Dalāil al-khayrāt wa-shawāriq al-anwār fī dhikr al-ṣalāt alá al-Nabī al-mukhtār (), usually shortened to Dala'il al-Khayrat, is a famous collection of prayers for the Islamic prophet Muhammad, which was written by the Moroccan Shadhili scholar Muhammad al-Jazuli (died 1465 AD). It is popular in parts of the Islamic world amongst traditional Muslims—specifically North Africa, the Levant, Turkey, the Caucasus and South Asia—and is divided into sections for daily recitation.

Background
Moroccan hadith scholar Abdullah al-Talidi wrote of the Dala'il al-Khayrat: "Millions of Muslims from East to West tried it and found its good, its blessing, and its benefit for centuries and over generations, and witnessed its unbelievable spiritual blessings and light. Muslims avidly recited it, alone and in groups, in homes and mosques, utterly spending themselves in the Blessings on the Most Beloved and praising him".

The Dala'il al-Khayrat is the first major book in Islamic history which compiled litanies of peace and blessings upon Muhammad. It is also the most popular and most universally acclaimed collection of litanies asking God to bless him. Among some Sunni religious orders, most notably the Shadhili order, its recitation is a daily practice. In others however, its recitation is a purely voluntary daily practice. The work begins with the ninety nine names of God, and then the a collection of over one hundred names of Muhammad.

The legend behind the origin of the Dala'il al-Khayrat claims that al-Jazuli once awoke late for his morning prayers and began to look in vain for pure water to perform ritual ablutions. In the midst of his search al-Jazuli encountered a young girl who was aware of al-Jazuli's famed religiosity and was bewildered on why al-Jazuli could not find pure water. The girl then spat into a well which miraculously overflowed with pure sweet water for al-Jazuli to perform ablutions. Consequent to performing prayer, al-Jazuli inquired to the means by which the girl achieved such a high spiritual station.
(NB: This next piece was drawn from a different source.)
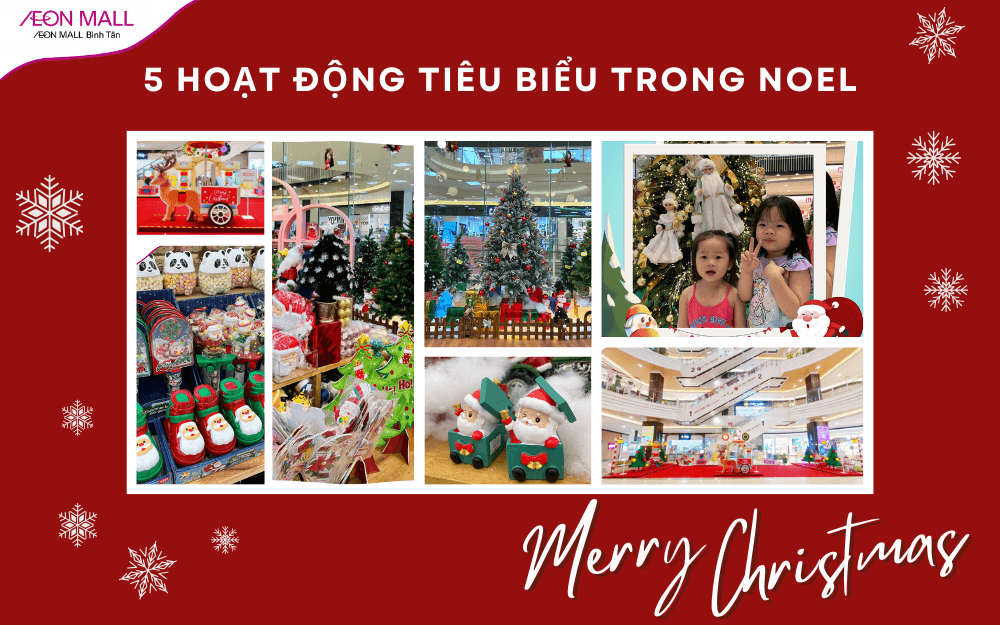 Giáng sinh là ngày nào? Gợi ý 5 hoạt động tiêu biểu trong Noel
The girl replied it was simply by "Making constant prayer for God to bless the best of creation by the number of breaths and heartbeats." Al-Jazuli then resolved to write a work collecting litanies of prayers asking God to bless and show mercy and kindness to Muhammad.

Al-Jazuli then moved east to Medina where he would recite the whole of the Dala'il al-Khayrat twice daily at Muhammad's grave in al-Masjid an-Nabawi. The Dala'il Khayrat has since been seen as a testament of love and passionate longing for Muhammad.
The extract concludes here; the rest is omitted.